'To Us, Thanksgiving Is a Day of Mourning'

Native American group is holding solemn event in Plymouth
By Newser Editors and Wire Services
Posted Nov 25, 2021 9:20 AM CST
'To Us, Thanksgiving Is a Day of Mourning'
Marchers carry a large painting of jailed American Indian Leonard Peltier during a march for the National Day of Mourning in Plymouth, Mass., on Nov. 22, 2001.   (AP Photo/Steven Senne, File)

Members of Native American tribes from around New England are gathering in the seaside town where the Pilgrims settled—not to give thanks, but to mourn Indigenous people worldwide who've suffered centuries of racism and mistreatment. Thursday’s solemn National Day of Mourning observance in downtown Plymouth, Mass., will recall the disease and oppression that European settlers brought to North America, the AP reports. "We Native people have no reason to celebrate the arrival of the Pilgrims," said Kisha James, a member of the Aquinnah Wampanoag and Oglala Lakota tribes and the granddaughter of Wamsutta Frank James, the event's founder.

"We want to educate people so that they understand the stories we all learned in school about the first Thanksgiving are nothing but lies," James says. "To us, Thanksgiving is a day of mourning, because we remember the millions of our ancestors who were murdered by uninvited European colonists such as the Pilgrims. Today, we and many Indigenous people around the country say, 'No Thanks, No Giving.'" It's the 52nd year that the United American Indians of New England have organized the event on Thanksgiving Day. The tradition began in 1970.

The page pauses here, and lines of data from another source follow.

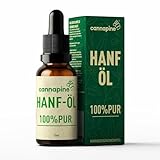 CANNAPINE® Premium Hanföl – 100 % PUR – kaltgepresst & laborgeprüft –...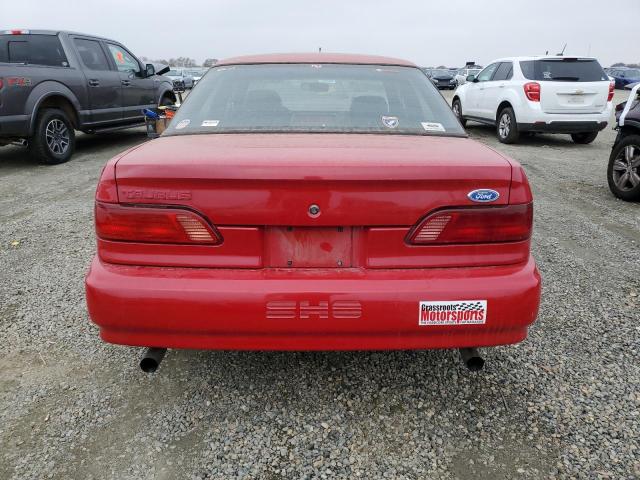 1FALP54Y9NA187560 - 1992 FORD TAURUS SHO RED photo 6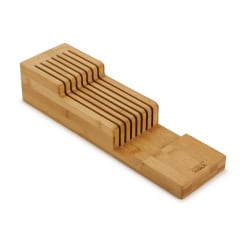 Joseph Joseph 2-Tier Knife Organizer, 3-1/2"H x 4-1/2"W x 15-3/4"D, Brown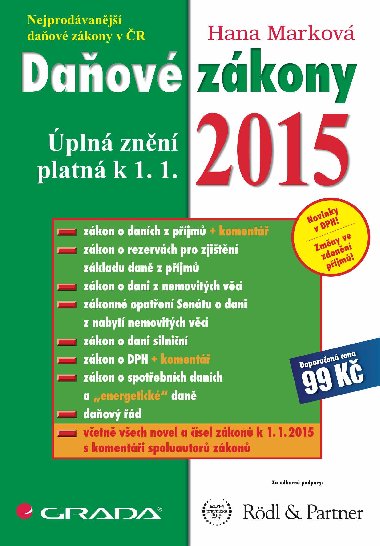Daov zkony 2015 - Hana Markov 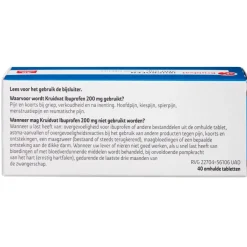 Kruidvat Ibuprofen 200mg Omhulde Tabletten< Pijn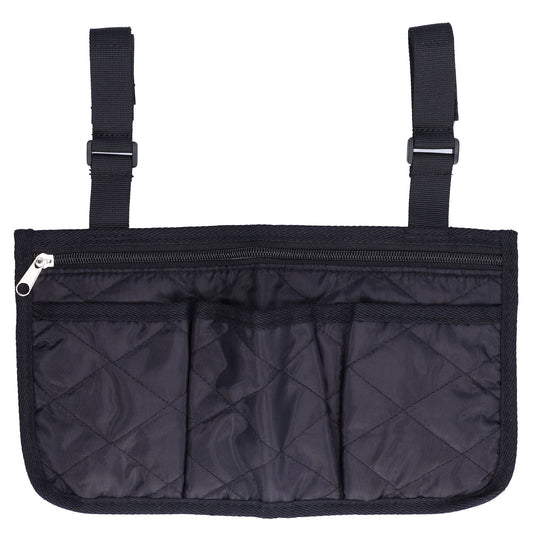 Wheelchair Side Bags Large Capacity Beautiful Practical Armrest Side Storage Bag for Mobile Scooters Strollers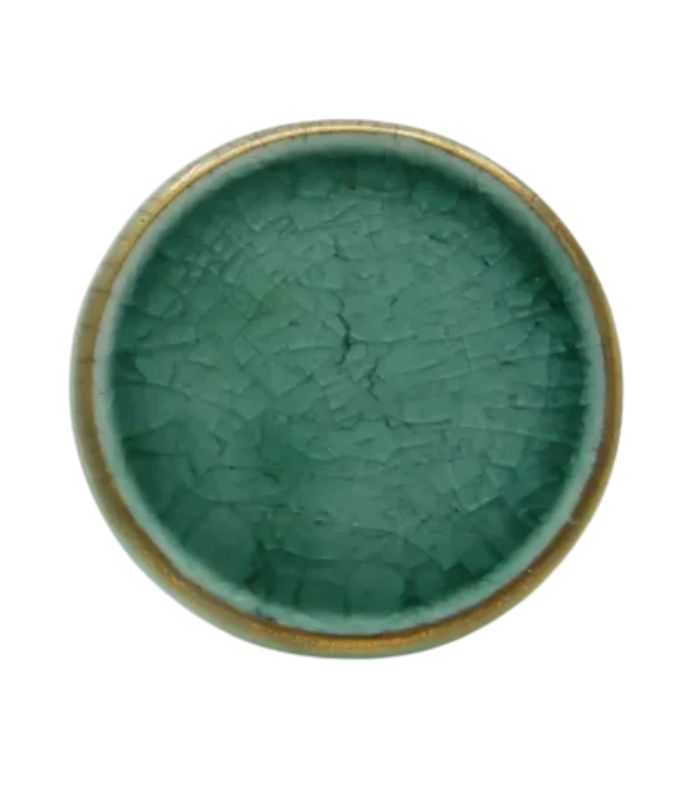 Ceramic Door Knob - Hand Painted - Green - 4x4x6cm (Set of 2) | Ink You
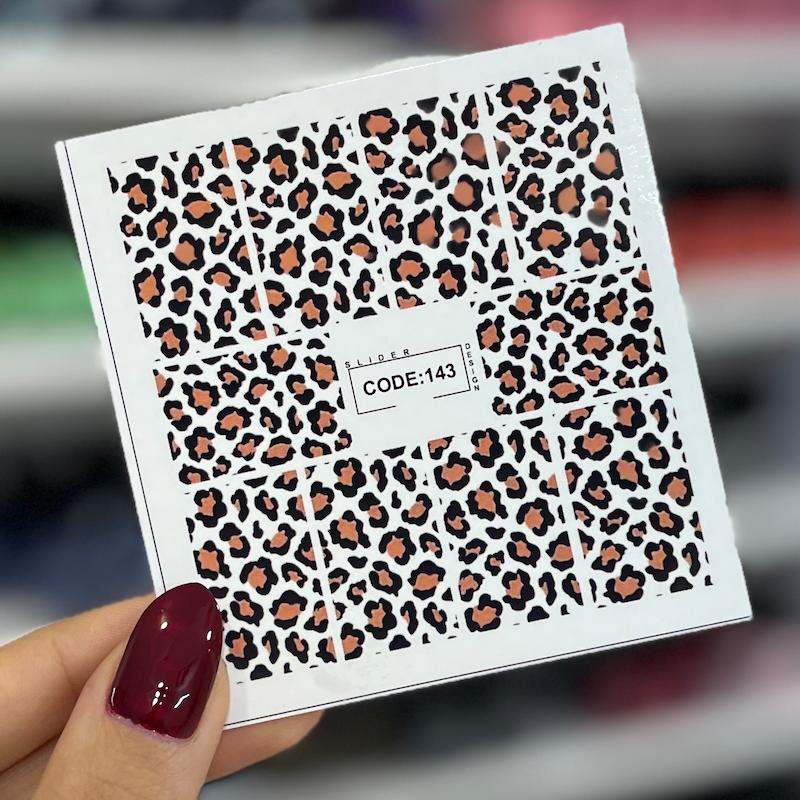 لنز ناخن پترن پلنگی 143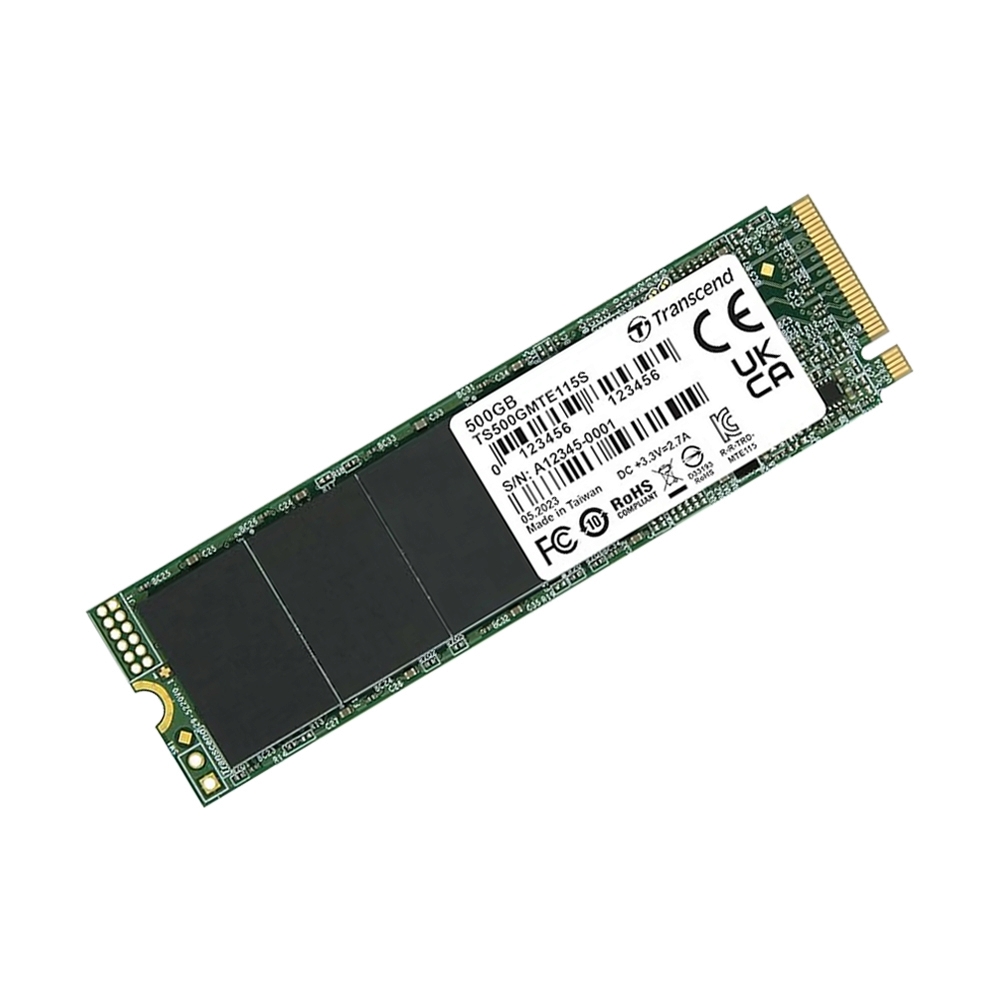 500 GB SSD M.2 PCIe 3.0 TRANSCEND (TCN-TS500GMTE115S) NVMe M.2 2280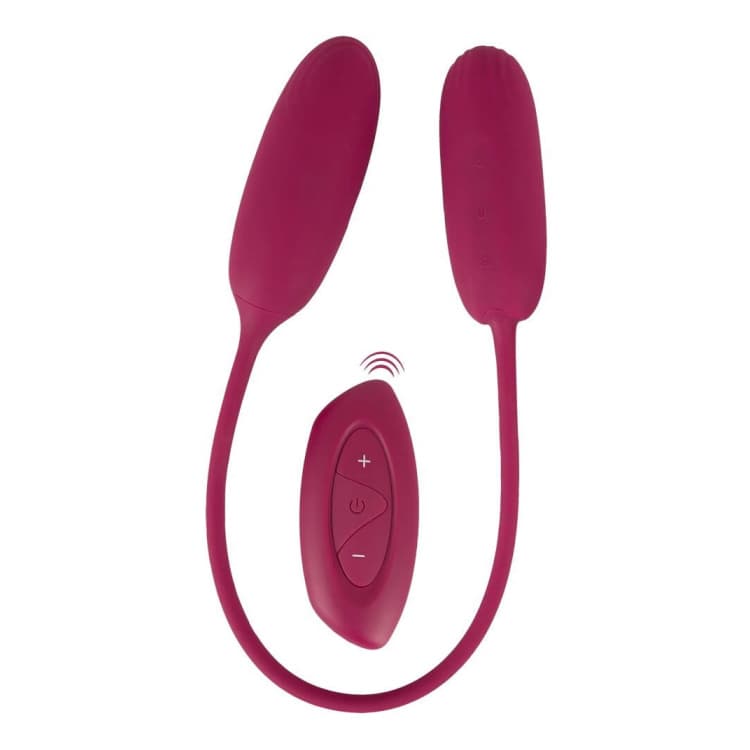 Sweet Smile Shaking & Vibrating Trådløs Duo Vibrator Æg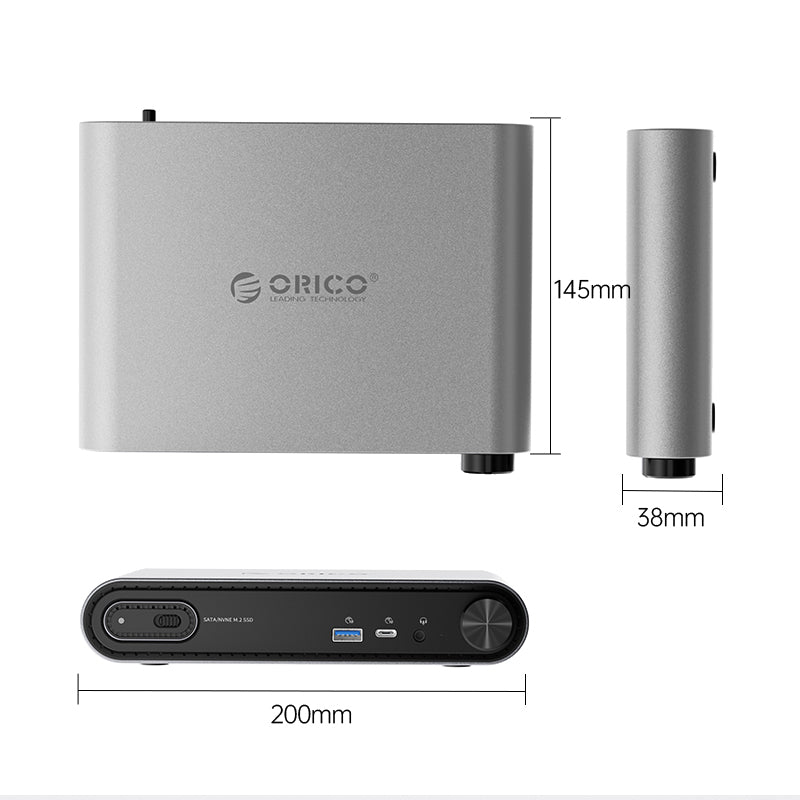 ORICO PTM1-GY 10-in-1 Docking Station with M.2 SSD Enclosure
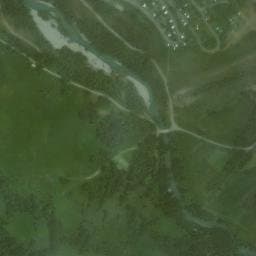 Vue satellite de Camping des Deux Glaciers à Le Monêtier-les-Bains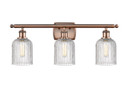 Bathroom Fixtures Three Lights by Innovations ( 405 | 516-3W-AC-G559-5CL Ballston ) 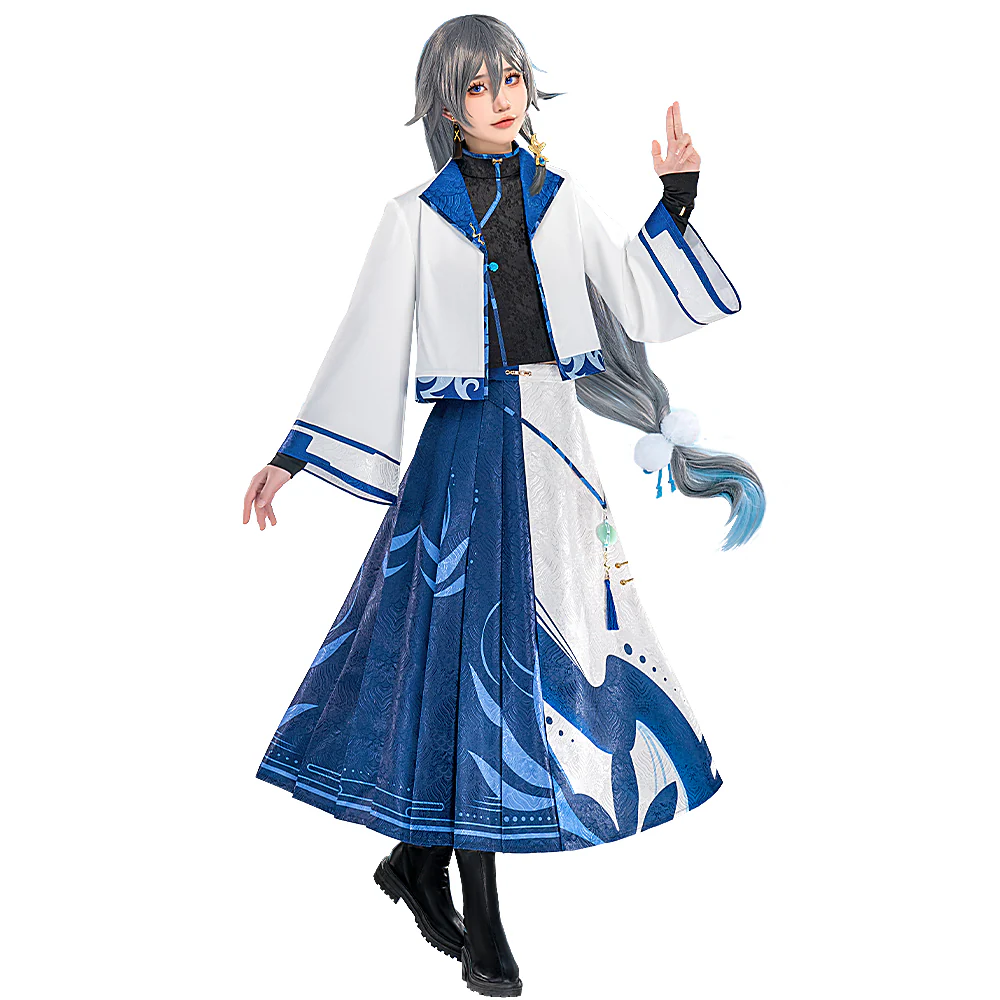 【In Stock】DokiDoki-R Game Honkai Impact 3rd Cosplay Fu Hua Costume Winter Charm FuHua Winter Skin - Image 6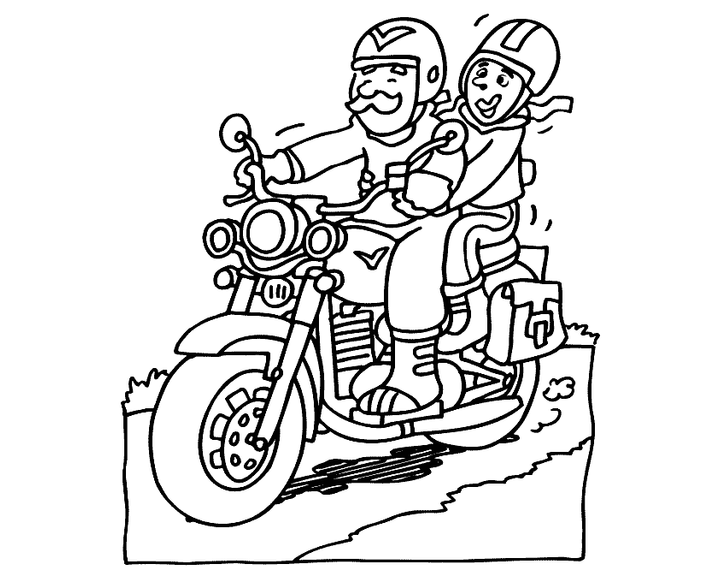 Мотоциклисты в шлемах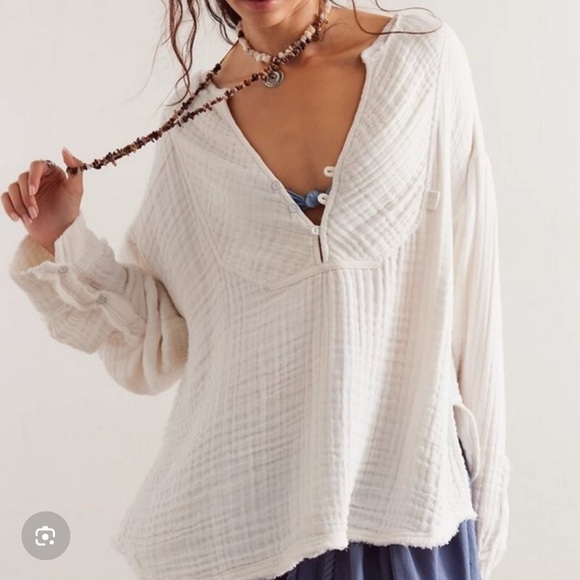 Free People Tops - NWOT Free People Easy Sunday Pullover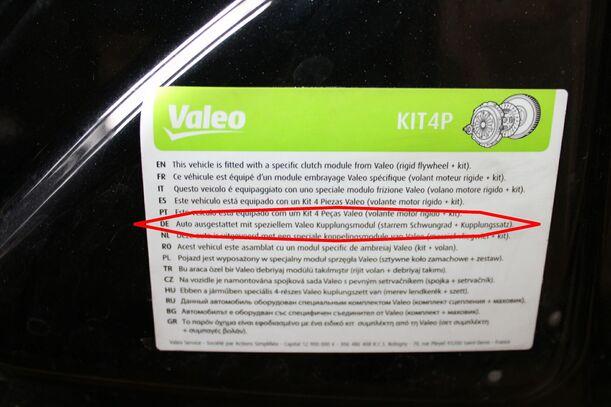 Foto: KUPPLUNGSMODUL VALEO / STARREM SCHWUNGRAD ( KIT4P ) eines VW Passat Variant 2.0 TDI Fun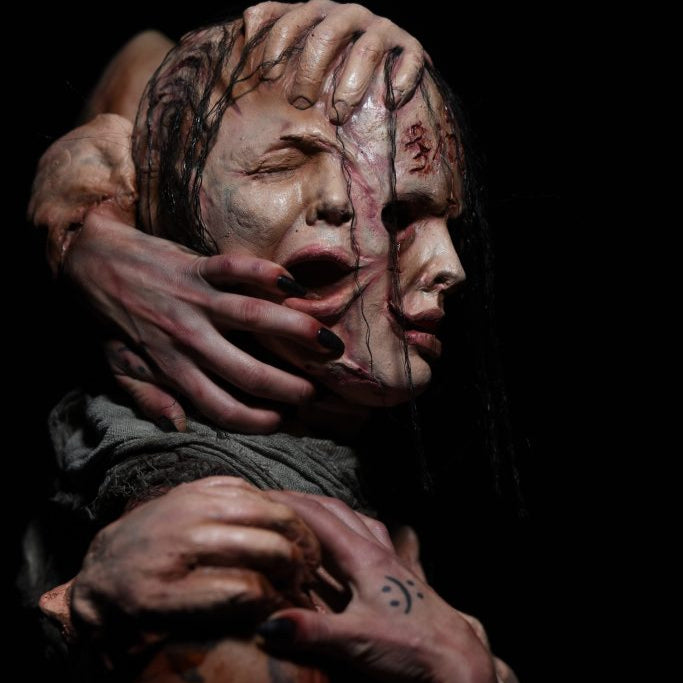 Body of souls mask Realistic prosthetic application by Leicester special effects makeup artist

Indigenous people and their supporters will gather at noon in person on Coles Hill, a windswept mound overlooking Plymouth Rock, a memorial to the colonists' arrival. Participants will beat drums, offer prayers, and condemn what organizers describe as "the unjust system based on racism, settler colonialism, sexism, homophobia, and the profit-driven destruction of the Earth" before marching through downtown Plymouth's historical district. This year, they'll also highlight the troubled legacy of federal boarding schools that sought to assimilate Indigenous youth into white society in the US as well as in Canada, where hundreds of bodies have been discovered on the grounds of former residential schools for Indigenous children.